I could see in the first 5 minutes what they meant about the difference in 24 fps to 48 fps. After that, I mainly noticed it in close-ups and scenery. Close-ups did not have pores like you would normally see - and the scenery was brightly colored. 

However, I was so immersed in the film I did not even notice it much after that first 5 minutes. As I expected, Jackson dod a really good job transferring this to screenplay - the story flowed very well with the book with just a bit of theatrical addition. And, as in the first 3, specific points of dialogue were pulled verbatim from the book.

I did hear someone complain about it being too much of an action movie on the way out. Not my take - but there it is.

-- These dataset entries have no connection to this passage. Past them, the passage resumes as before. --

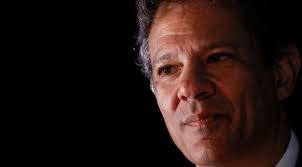 Haddad anuncia que FMI vai participar como âncora fiscal no Brasil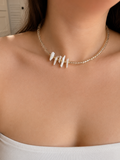 Pearl Reef Necklace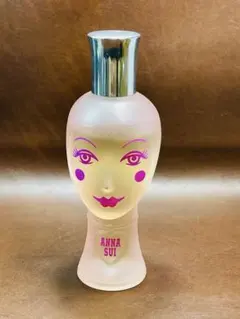 ANNA SUI アナスイ ドーリーガール オードトワレ50ml 30ml 2本 - メルカリ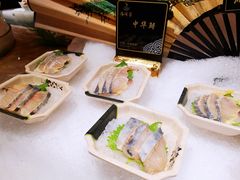 -海玥荟海鲜姿造自助餐厅(欧罗巴广场店)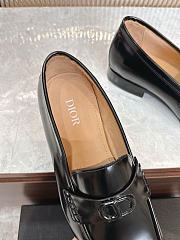 Kitlife Dior Timeless Flex Loafer Black  - 3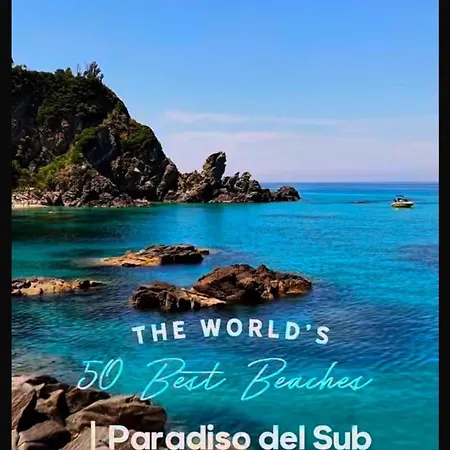 Vadel Marina * Zambrone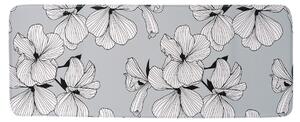 Πατάκι Μπάνιου (45x120) T-D Ecrin Grey 7729783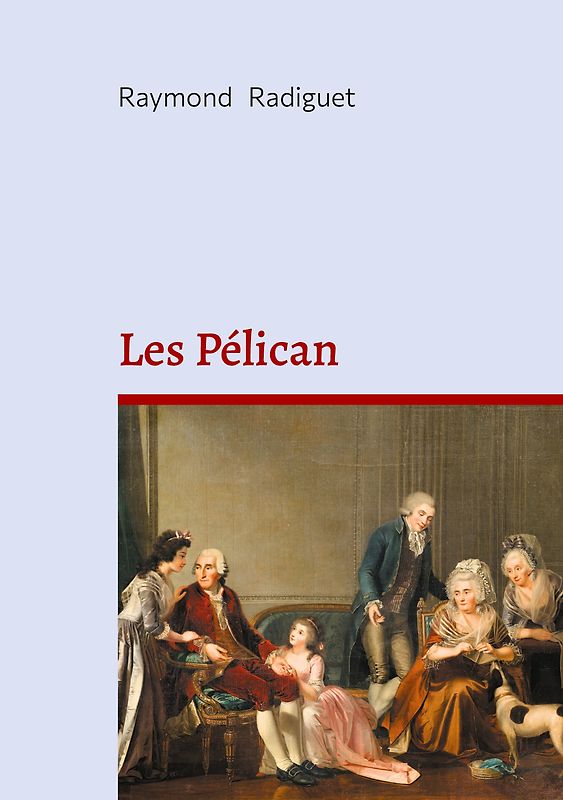 Les Pélican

All in all - a great start to this series. And, I called the exact spot where this one would end! :flex:


----------



## Dale Rasco (Apr 11, 2009)

They really should have used Bashful, Doc, Dopey, Grumpy, Happy, Sleepy and Sneezy. That would have been so much easier...


----------



## mechman (Feb 8, 2007)

Dale Rasco said:


> They really should have used Bashful, Doc, Dopey, Grumpy, Happy, Sleepy and Sneezy. That would have been so much easier...


:rofl:


----------



## AudiocRaver (Jun 6, 2012)

So, which one was played by Clint Eastwood? Wasn't he in there somewhere? "Go ahead, make my second breakfast?":dontknow:


----------



## phillihp23 (Mar 14, 2012)

Thats just too funny, a hobit flow chart....:rofl:


----------